I think the reason for the obsession (and it is an
obsession) with boundaries, on both sides of the relationship, is that this is a very difficult if not impossible thing to navigate without harm to either or both parties. Therapy is extremely useful; therapy is extremely unnatural. It is intimacy with a stranger. Hopefully the boundaries protect everyone, but often they do not. And many times the boundaries themselves cause the harm.
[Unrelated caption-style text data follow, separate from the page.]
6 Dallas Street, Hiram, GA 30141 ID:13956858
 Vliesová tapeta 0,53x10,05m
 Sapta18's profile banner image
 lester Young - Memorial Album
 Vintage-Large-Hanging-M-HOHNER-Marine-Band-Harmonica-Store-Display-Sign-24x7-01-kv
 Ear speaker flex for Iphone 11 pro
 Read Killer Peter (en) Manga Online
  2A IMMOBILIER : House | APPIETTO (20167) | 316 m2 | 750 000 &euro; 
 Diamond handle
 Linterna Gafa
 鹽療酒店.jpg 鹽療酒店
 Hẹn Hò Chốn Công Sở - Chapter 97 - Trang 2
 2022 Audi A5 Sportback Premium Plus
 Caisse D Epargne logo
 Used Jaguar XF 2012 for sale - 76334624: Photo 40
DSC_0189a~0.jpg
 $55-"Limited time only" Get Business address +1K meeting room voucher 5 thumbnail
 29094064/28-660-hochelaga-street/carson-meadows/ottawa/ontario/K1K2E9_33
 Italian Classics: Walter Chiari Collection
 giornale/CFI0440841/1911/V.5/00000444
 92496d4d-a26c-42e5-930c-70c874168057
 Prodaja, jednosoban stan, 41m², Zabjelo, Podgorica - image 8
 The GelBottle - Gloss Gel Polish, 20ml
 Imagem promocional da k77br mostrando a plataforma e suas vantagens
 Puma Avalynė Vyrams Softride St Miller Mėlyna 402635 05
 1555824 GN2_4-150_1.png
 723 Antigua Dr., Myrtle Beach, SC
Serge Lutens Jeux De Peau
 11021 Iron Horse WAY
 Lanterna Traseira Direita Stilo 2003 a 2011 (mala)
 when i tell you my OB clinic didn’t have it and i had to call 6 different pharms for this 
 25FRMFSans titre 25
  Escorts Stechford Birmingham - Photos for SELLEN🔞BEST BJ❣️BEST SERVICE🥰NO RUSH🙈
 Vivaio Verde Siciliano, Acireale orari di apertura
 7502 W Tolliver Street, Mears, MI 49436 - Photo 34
I do understand that while a person can be paid to be present or to listen, they cannot be paid to care. I know T's do care. They genuinely do -- but the money, the industry, the institution is what has power. They may be
paid to terminate you, to limit contact with you, to enforce boundaries in some way that doesn't fit them or you. Neither of you have control -- the financial arrangement has control. The therapy firm at which your T works has control, their governing body has control, the colleague they consulted with has control. The structure of it does not belong to you or to the T, any more than a relationship does in prostitution. There are rules, and the rules protect the institution of therapy. Not you, and not your T.
I had seriously considered going back to school to become a therapist myself several months ago, something which at the time my ex T seemed enthusiastic about, but I am done with it now. It did help me tremendously. It also ended with the worst thing that has happened to me in 20 years. Normal human relationships may not have such potential for healing, but neither do they have such potential for harm. So for my part, I am done.